Dead Man Down, the new directorial effort from Niels Arden Oplev, desperately tries to deliver the pleasures of both a noirish thriller and an action bonanza. Unfortunately, it fails at both. Some slick cinematography and a game cast are wasted, as you feel the story plod through each laborious plot point without any real impact. It’s not terrible at character building, but its inability to maintain a steady tone causes a mental checkout in the audience. Plus, it’s so damn familiar: the biggest twist that this film delivers is its utter refusal to provide us with a twist. We get two straight-forward characters, a straight-forward revenge plot, and a fractured sense of what the film would like to be. Why does a film like Dead Man Down exist? It’s too dark to make money, yet it’s too unoriginal and incoherent to be art. It gives us no real themes to marinate upon, yet it gives us very little memorable action in which to revel. It’s simply a mish-mosh and a shame. Dead Man Down never had a chance to get up in the first place.

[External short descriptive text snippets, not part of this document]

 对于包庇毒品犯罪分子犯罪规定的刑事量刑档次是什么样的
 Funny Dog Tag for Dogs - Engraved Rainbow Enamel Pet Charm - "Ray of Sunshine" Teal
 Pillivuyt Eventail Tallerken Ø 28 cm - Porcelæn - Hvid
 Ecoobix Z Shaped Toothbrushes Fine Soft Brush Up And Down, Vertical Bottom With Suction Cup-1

Victor (Colin Farrell) works for Alphonse (Terrence Howard), a crime lord in New York City. Early on, we see Victor save Alphonse in a shootout– Victor becomes the only man Alphonse trusts. However, we find out that Victor is actually in deep cover unfolding a personal vendetta, involving torture, psychological torment, and clues involving photo cutouts, the way all good personal vendettas do. Unfortunately, Beatrice (Noomi Rapace), Victor’s cute neighbor from the apartment in the building across from his, witnesses Victor committing a murder. She blackmails him into helping her: she wants Victor to kill the drunk driver who hit her, permanently disfiguring her face– her life is ruined, because although she’s obviously gorgeous, a few scars on her face have her labeled “MONSTER” by the neighborhood kids, who throw rocks at her and write “MONSTER” on her apartment door in big letters (these must’ve been the kids from that Bully documentary I kept hearing about last year). As Victor’s plan comes closer to completion, he grows closer to Beatrice. Will he have a change of heart?

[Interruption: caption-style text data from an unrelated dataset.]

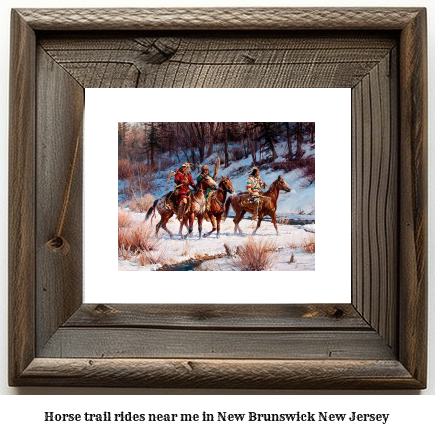 horse trail rides near me in New Brunswick, New Jersey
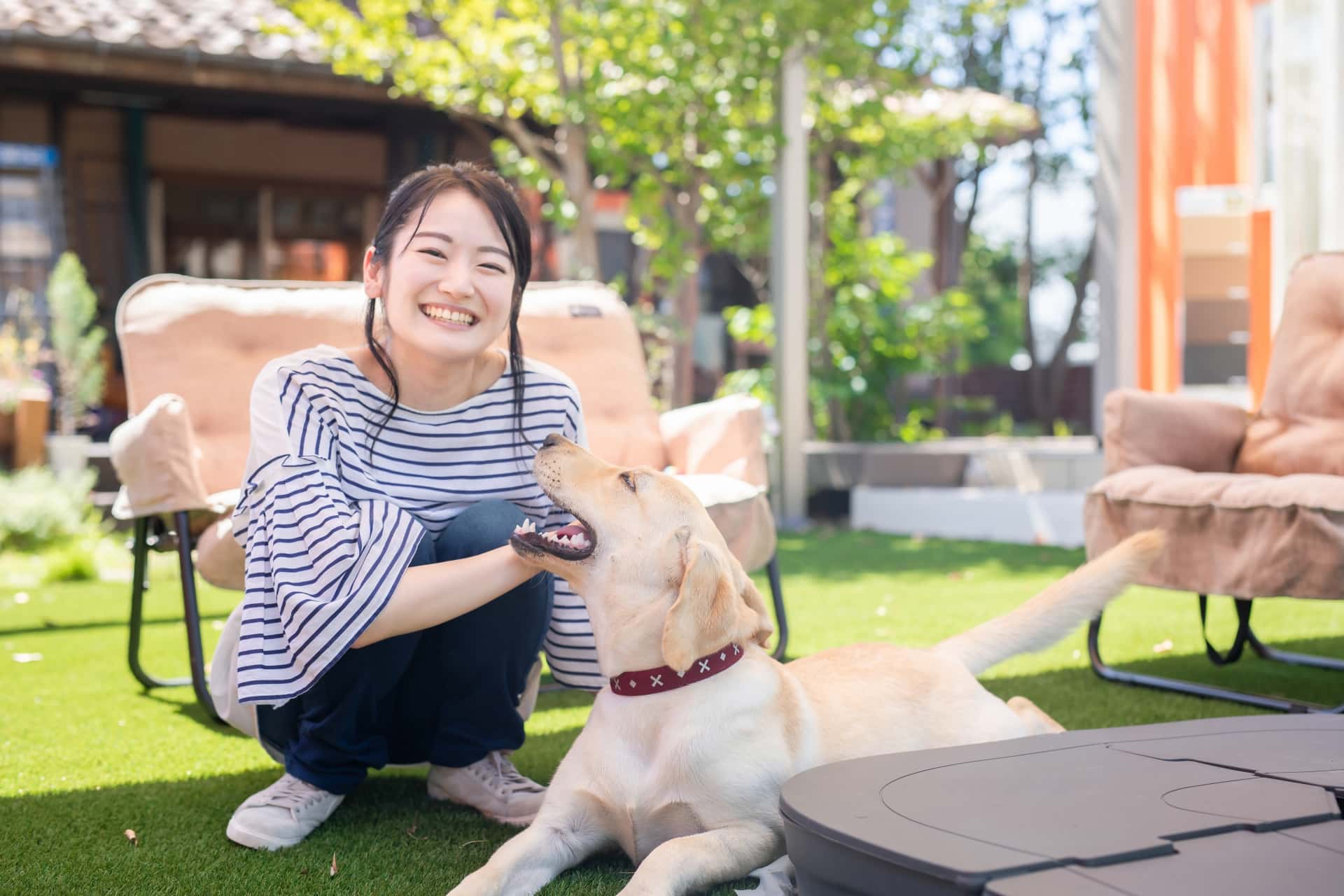 初対面で犬に好かれる接し方6選！ポイントとNG行為を伝授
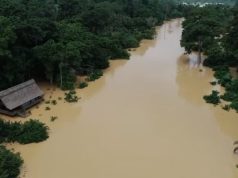 Samartex Timber and Plywood Company reels under galamsey as illegal miners cut into its operations and livelihoods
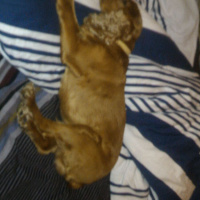 İngiliz Cocker Spaniel, Köpek  Shagy fotoğrafı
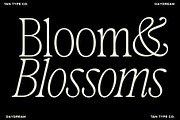 TAN-MIDSUMMER- DUO FONT, a Serif Font by TanType (Thumbnail 3 of 10)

I’m a Colin Farrell fan, as he’s given primarily strong performances since the Alexander fiasco, and he does a fine job carrying the film. He could be a credible action hero, or he could be a credible noir hero… but the script requires him to be two different people in concurrent scenes, which, as one would predict, is a problem. Noomi Rapace does okay with a one-note character with no real life of her own: she adorns midriff-baring tops, she cries when she looks in the mirror, and she sells her character’s randomly shifting motivation to the best of her abilities. She really is only present to serve as the obvious counterpart to Farrell: she’s damaged on the outside, but he is on the inside, et cetera. Actors like Dominic Cooper and Isabelle Huppert do well with the nothing they’re given, and Armand Assante is completely awesome in a brief scene (God, I’d kill to see a version of this film with Assante in Farrell’s role). Finally, Terrence Howard is acting for his life in this film: he says he thinks the Iron Man fracas ruined his career, and he’s working hard enough here to show how much he means it. It’s fun to watch him be the heavy, even if his character’s eventual conclusion is horribly anti-climactic.

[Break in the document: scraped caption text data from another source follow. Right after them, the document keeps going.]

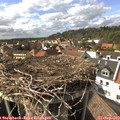 16_10-nest.jpg
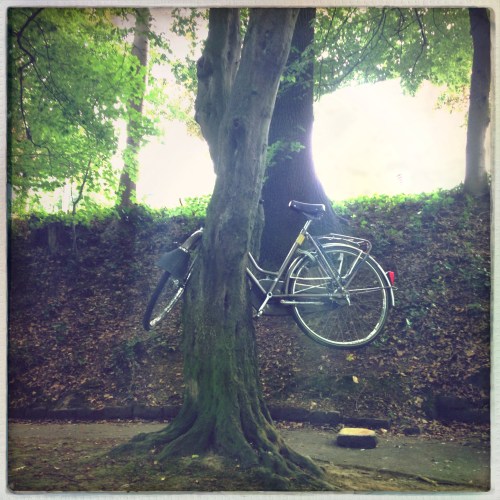 Jaja zo kun je ook de boom in.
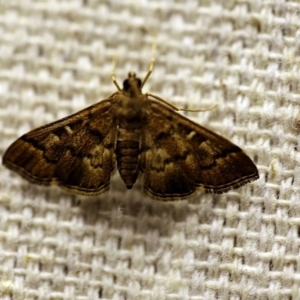 Nacoleia rhoeoalis at O'Connor, ACT - 11 Oct 2017 08:00 PM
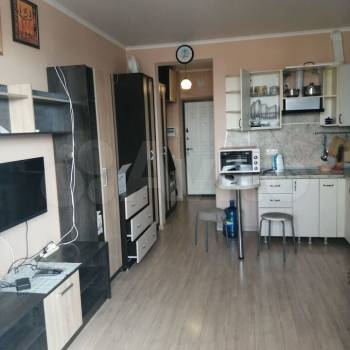 Продается 1-комнатная квартира, 25,4 м²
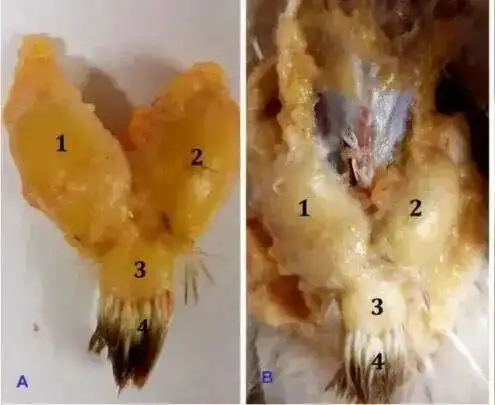 下雨天的时候鸟都在干什么?_雨中鸟儿的防水技巧_鸟类如何应对下雨天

The problem isn’t the actors, who are trying. The problem certainly isn’t the visuals either: several scenes are hypnotic and stylish, even if some of the action is a bit too frenetically edited. Such is the dueling natures of this film: some scenes are slow boils, all about chemistry and slow deliberate visual patterns, while other scenes play out like an underworld Bourne Identity. Individual scenes in both approaches work. Some of Farrell and Rapace’s interplay is strong and mysterious, and certainly a showdown between Farrell and a wildly intimidating Howard works beautifully. A sequence in which Farrell assassinates a few key thugs and escapes oncoming adversaries in an apartment complex also unfolds well. However, none of this sticks, because the film… my initial inclination is to say it’s doing too much. Yet it’s not one of those ambitious films that tries to do too much; it’s the opposite. It feels neither style presented straight-forward will hold enough interest, so it shoots two totally different films and cross-cuts them at random. It’s the laziest attempt to make a film more complex imaginable. Such a pity– even with no twists or originality, either an action film or a noir with this cast could absolutely work, especially with this cinematographer shooting them so lovingly. Instead of getting a movie, we get moments in which we can ponder what Dead Man Down could have been.